## ABOUT THIS TASK
Output every line below without omitting or altering anything.

+ + + + +

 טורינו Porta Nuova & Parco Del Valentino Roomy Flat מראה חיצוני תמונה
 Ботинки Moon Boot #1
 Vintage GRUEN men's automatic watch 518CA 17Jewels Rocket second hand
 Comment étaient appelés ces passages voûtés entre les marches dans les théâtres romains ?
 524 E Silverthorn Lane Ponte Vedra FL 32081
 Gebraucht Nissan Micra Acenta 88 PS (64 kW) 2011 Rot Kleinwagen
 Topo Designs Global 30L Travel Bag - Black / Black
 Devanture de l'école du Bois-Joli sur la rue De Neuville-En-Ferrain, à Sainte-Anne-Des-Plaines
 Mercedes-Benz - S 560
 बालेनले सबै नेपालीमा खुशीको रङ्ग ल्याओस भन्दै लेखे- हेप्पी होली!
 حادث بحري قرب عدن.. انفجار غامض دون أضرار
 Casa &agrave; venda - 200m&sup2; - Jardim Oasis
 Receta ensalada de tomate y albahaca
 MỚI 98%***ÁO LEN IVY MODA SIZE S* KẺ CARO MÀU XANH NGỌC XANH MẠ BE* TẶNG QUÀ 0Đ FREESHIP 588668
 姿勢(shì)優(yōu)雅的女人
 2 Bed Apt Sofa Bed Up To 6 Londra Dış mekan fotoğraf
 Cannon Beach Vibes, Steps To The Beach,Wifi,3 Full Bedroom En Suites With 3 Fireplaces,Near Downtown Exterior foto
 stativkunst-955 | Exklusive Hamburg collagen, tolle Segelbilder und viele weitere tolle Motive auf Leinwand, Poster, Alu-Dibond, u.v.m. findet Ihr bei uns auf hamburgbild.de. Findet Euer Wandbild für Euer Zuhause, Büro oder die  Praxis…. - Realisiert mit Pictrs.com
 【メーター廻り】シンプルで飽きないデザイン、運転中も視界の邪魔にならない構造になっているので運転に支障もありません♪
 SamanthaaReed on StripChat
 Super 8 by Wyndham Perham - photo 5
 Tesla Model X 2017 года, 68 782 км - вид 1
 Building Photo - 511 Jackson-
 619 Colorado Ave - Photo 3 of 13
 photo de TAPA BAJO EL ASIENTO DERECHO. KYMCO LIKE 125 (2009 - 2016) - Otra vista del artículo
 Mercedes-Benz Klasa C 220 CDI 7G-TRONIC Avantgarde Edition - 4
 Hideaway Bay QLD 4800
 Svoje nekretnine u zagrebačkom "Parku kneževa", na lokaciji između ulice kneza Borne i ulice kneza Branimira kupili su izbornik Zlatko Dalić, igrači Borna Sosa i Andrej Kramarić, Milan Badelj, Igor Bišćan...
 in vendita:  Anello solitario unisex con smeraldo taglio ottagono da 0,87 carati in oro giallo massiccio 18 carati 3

+ + + + +

## ANSWER BOX
 טורינו Porta Nuova & Parco Del Valentino Roomy Flat מראה חיצוני תמונה
 Ботинки Moon Boot #1
 Vintage GRUEN men's automatic watch 518CA 17Jewels Rocket second hand
 Comment étaient appelés ces passages voûtés entre les marches dans les théâtres romains ?
 524 E Silverthorn Lane Ponte Vedra FL 32081
 Gebraucht Nissan Micra Acenta 88 PS (64 kW) 2011 Rot Kleinwagen
 Topo Designs Global 30L Travel Bag - Black / Black
 Devanture de l'école du Bois-Joli sur la rue De Neuville-En-Ferrain, à Sainte-Anne-Des-Plaines
 Mercedes-Benz - S 560
 बालेनले सबै नेपालीमा खुशीको रङ्ग ल्याओस भन्दै लेखे- हेप्पी होली!
 حادث بحري قرب عدن.. انفجار غامض دون أضرار
 Casa &agrave; venda - 200m&sup2; - Jardim Oasis
 Receta ensalada de tomate y albahaca
 MỚI 98%***ÁO LEN IVY MODA SIZE S* KẺ CARO MÀU XANH NGỌC XANH MẠ BE* TẶNG QUÀ 0Đ FREESHIP 588668
 姿勢(shì)優(yōu)雅的女人
 2 Bed Apt Sofa Bed Up To 6 Londra Dış mekan fotoğraf
 Cannon Beach Vibes, Steps To The Beach,Wifi,3 Full Bedroom En Suites With 3 Fireplaces,Near Downtown Exterior foto
 stativkunst-955 | Exklusive Hamburg collagen, tolle Segelbilder und viele weitere tolle Motive auf Leinwand, Poster, Alu-Dibond, u.v.m. findet Ihr bei uns auf hamburgbild.de. Findet Euer Wandbild für Euer Zuhause, Büro oder die  Praxis…. - Realisiert mit Pictrs.com
 【メーター廻り】シンプルで飽きないデザイン、運転中も視界の邪魔にならない構造になっているので運転に支障もありません♪
 SamanthaaReed on StripChat
 Super 8 by Wyndham Perham - photo 5
 Tesla Model X 2017 года, 68 782 км - вид 1
 Building Photo - 511 Jackson-
 619 Colorado Ave - Photo 3 of 13
 photo de TAPA BAJO EL ASIENTO DERECHO. KYMCO LIKE 125 (2009 - 2016) - Otra vista del artículo
 Mercedes-Benz Klasa C 220 CDI 7G-TRONIC Avantgarde Edition - 4
 Hideaway Bay QLD 4800
 Svoje nekretnine u zagrebačkom "Parku kneževa", na lokaciji između ulice kneza Borne i ulice kneza Branimira kupili su izbornik Zlatko Dalić, igrači Borna Sosa i Andrej Kramarić, Milan Badelj, Igor Bišćan...
 in vendita:  Anello solitario unisex con smeraldo taglio ottagono da 0,87 carati in oro giallo massiccio 18 carati 3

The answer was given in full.